Durante un discorso in Parlamento, Elisabetta II ha annunciato i piani del governo per l'economia digitale. Tra questi, l'introduzione delle disconnessioni forzose dei file sharer entro la primavera del 2011

Roma - Una morsa stretta al file sharing non autorizzato, un deciso passo in avanti verso la radio digitale nonché un chiaro segnale di stop alla diffusione di videogiochi violenti tra le generazioni più giovani. Questi, in sintesi, i fondamentali principi che il Regno Unito ha raccolto nel progetto di legge sull'economia legata al digitale (Digital Economy Bill), annunciato dalla Regina Elisabetta II durante un recente discorso alle riunite House of Lords e House of Commons.

Si tratta, stando al discorso ufficiale di Sua Maestà, di una legislazione che adeguerà al meglio le infrastrutture di comunicazione, per metterle al passo con l'attuale era digitale, supportando allo stesso tempo la futura crescita economica del paese. Secondo i principi annunciati del Digital Economy Bill, bisognerà inoltre introdurre un corpus di misure tecniche atte a contrastare il downloading illegale, in particolare attraverso la soluzione dei cosiddetti three-strikes, delle disconnessioni dei netizen più restii a rinunciare al P2P.

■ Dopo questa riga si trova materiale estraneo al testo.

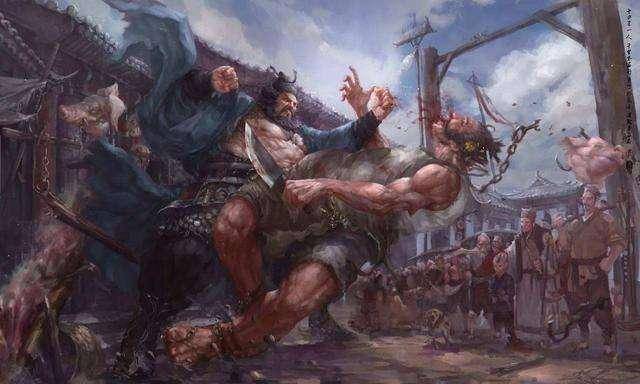 首先,让我们来看看鲁智深在瓦罐寺被生铁佛崔道成和飞天夜叉丘小乙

Il piano è quello già descritto dal Segretario di Stato britannico Lord Mandelson, diviso in due fasi specifiche. Nella prima, al file-sharer verrebbero inviati alcuni avvisi intimidatori che, se ignorati, farebbero scattare immediatamente la seconda fase. Entro la primavera del 2011, gli utenti più accaniti verrebbero tagliati fuori dalla Rete, disconnessi.
Particolarmente soddisfatto su questo punto, Geoff Taylor, CEO di British Phonographic Industry (BPI): "Si tratta di una buona notizia per tutti gli appassionati di musica nel Regno Unito. La legislazione introdotta porterà l'industria creativa del nostro paese a risolvere un problema urgente, dando la possibilità al Regno Unito di fare da battistrada nell'intrattenimento digitale di alta qualità". Non proprio dello stesso avviso, The Open Rights Group, che ha immediatamente chiesto ai cittadini britannici di appellarsi ai membri del Parlamento per opporsi ai piani annunciati dalla Regina.

Stando alle dichiarazioni dell'organizzazione a tutela dei diritti dei netizen, il disegno di legge britannico andrebbe a violare il quadro normativo europeo che si va configurando, dal momento che prevede la possibilità di ricorrere in appello solo dopo l'avvenuta disconnessione. Il meccanismo d'appello, come ha osservato ORG, risulterebbe appropriato solo in caso di prove evidenti, ma la dinamica antipirateria britannica non riuscirebbe a far emergere chi effettivamente abbia violato il copyright, solo quale connessione sia stata utilizzata. I tre colpi andrebbero così a inibire certe legittime attività online come lo shopping e la socializzazione.

Il Digital Economy Bill verrà proposto prima di questo fine settimana, con il Department for Business, Innovation and Skills ad annunciare subito dopo maggiori dettagli sul piano nazionale per la banda larga. 170 milioni di sterline (190 milioni di euro) sono stati già messi da parte dal governo a partire dal budget dedicato allo switch-over digitale. Durante un recente convegno tenutosi a Leeds, il responsabile del progetto Digital Britain Stephen Timms ha precisato che continueranno gli sforzi per raggiungere il 90 per cento della popolazione entro il 2017.

Dal discorso della Regina Elisabetta II, non sono emersi dettagli sulla spinosa e controversa questione della broadband tax, ipotizzata dallo stesso Timms e da trasformare a suo dire in legge prima delle elezioni politiche previste per la prossima estate. Intanto, il governo ha precisato che l'impegno per fornire entro il 2012 una banda di almeno 2Mbps a tutti i cittadini continuerà. Disconnessioni degli utenti a parte.